What's wrong with this little program? I cannot get the correct answer. I just use m[1][1] to test but it's always 0!
#include <stdio.h>
#include <stdlib.h>
#include <string.h>
int main()
{
int **m;
m = new int*[5];
for( int i = 0 ; i < 5; i++ )
{
m[i] = new int[5];
memset(m[i],1,sizeof(int)*5);
}
printf("%f",*(*(m+1)+1));
return 0;
}
This is "not C++". Yes, it's a C++ code, but it isn't using reasonable C++ idioms -- you're mixing C-style memset and pointer chasing with operator new (which is the only C++ feature you hapen to use). I will therefore assume that you have a reason to use code like that. If you don't have that, seriously consider using some STL class like a vector and avoid pointer manipulation.

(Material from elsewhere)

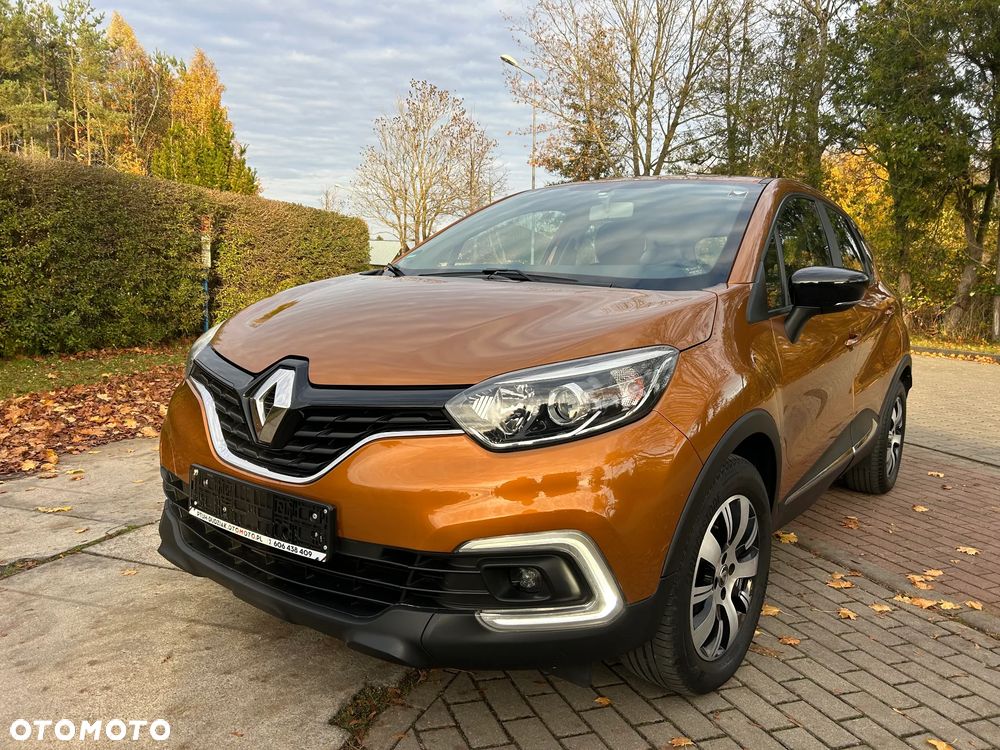 Renault Captur 0.9 Energy TCe Intens EU6 - 2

If you used a reasonable compiler and added reasonable warnings, you would get the error immediately:
$ g++ -Wall pwn.cpp
pwn.cpp: In function ‘int main()’:
pwn.cpp:14:28: warning: format ‘%f’ expects argument of type ‘double’, but argument 2 has type ‘int’ [-Wformat]

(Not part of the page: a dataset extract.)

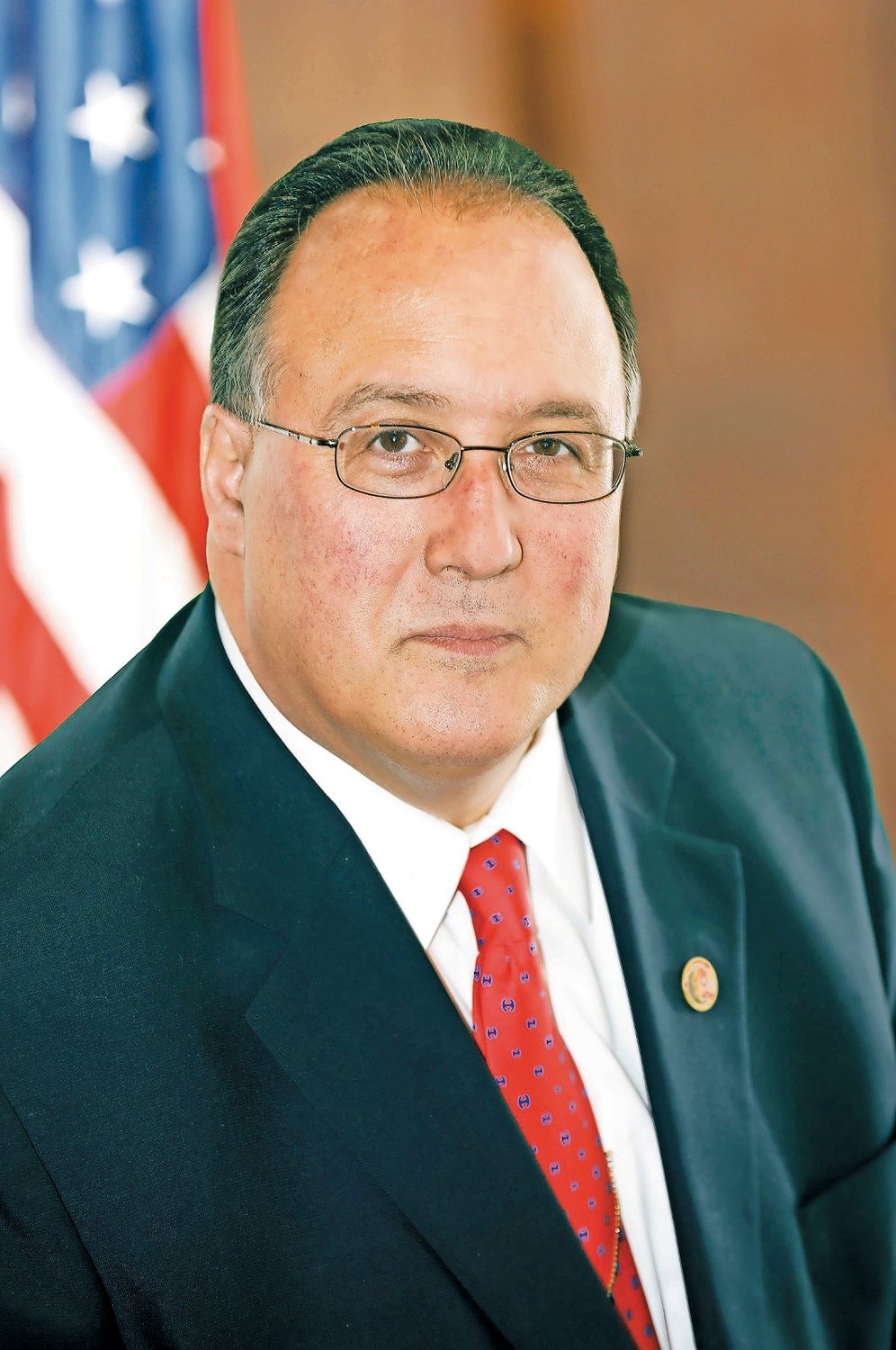 Assemblyman Michael Montesano has been asking for Gov. Cuomo to resign for over a week.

The correct argument to printf for printing ints is %d. How does it look after changing that?
$ ./a.out
16843009
How come it doesn't print 1? The memset function sets memory, it does not initialize integers. And indeed, 0x01010101 == 16843009. This is not portable and very likely not what you want to do. Just don't do this, seriously.

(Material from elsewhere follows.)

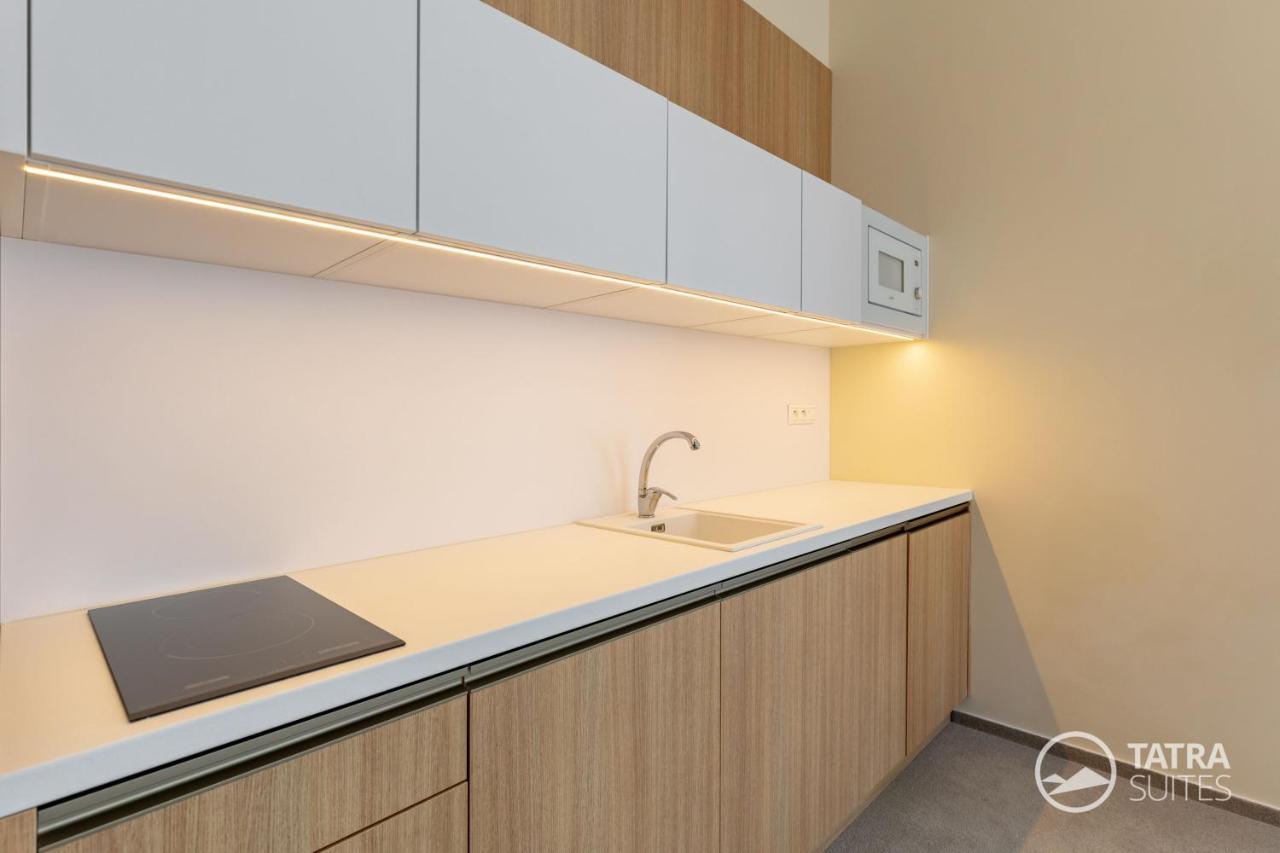 Tatra Suites Senior Lux Apartment C413 Високе-Татри Экстерьер фото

for (int i = 0; i < 5; i++) is invalid in C, because you can't declare i there.
int i inside the for loop) is actually valid C99 code. You are right in that this was not allowed in earlier versions of the C standard, thanks for pointing that out. References: gcc says error: ‘for’ loop initial declarations are only allowed in C99 mode and note: use option -std=c99 or -std=gnu99 to compile your code.